Task to complete: Could you set down the lines below, from the one containing "Bulova women’s watch" through the final line, exactly as written?

Working data:
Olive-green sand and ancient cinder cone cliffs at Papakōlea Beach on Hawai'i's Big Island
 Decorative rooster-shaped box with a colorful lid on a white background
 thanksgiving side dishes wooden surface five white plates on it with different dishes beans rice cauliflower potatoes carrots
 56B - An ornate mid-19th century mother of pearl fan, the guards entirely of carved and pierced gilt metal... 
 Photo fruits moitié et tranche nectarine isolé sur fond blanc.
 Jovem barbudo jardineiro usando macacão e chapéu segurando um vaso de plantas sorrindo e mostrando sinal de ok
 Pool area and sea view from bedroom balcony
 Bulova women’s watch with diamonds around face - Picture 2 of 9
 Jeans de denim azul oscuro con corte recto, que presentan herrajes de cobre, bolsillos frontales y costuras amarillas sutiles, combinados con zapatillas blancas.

Output for this exercise:
 Bulova women’s watch with diamonds around face - Picture 2 of 9
 Jeans de denim azul oscuro con corte recto, que presentan herrajes de cobre, bolsillos frontales y costuras amarillas sutiles, combinados con zapatillas blancas.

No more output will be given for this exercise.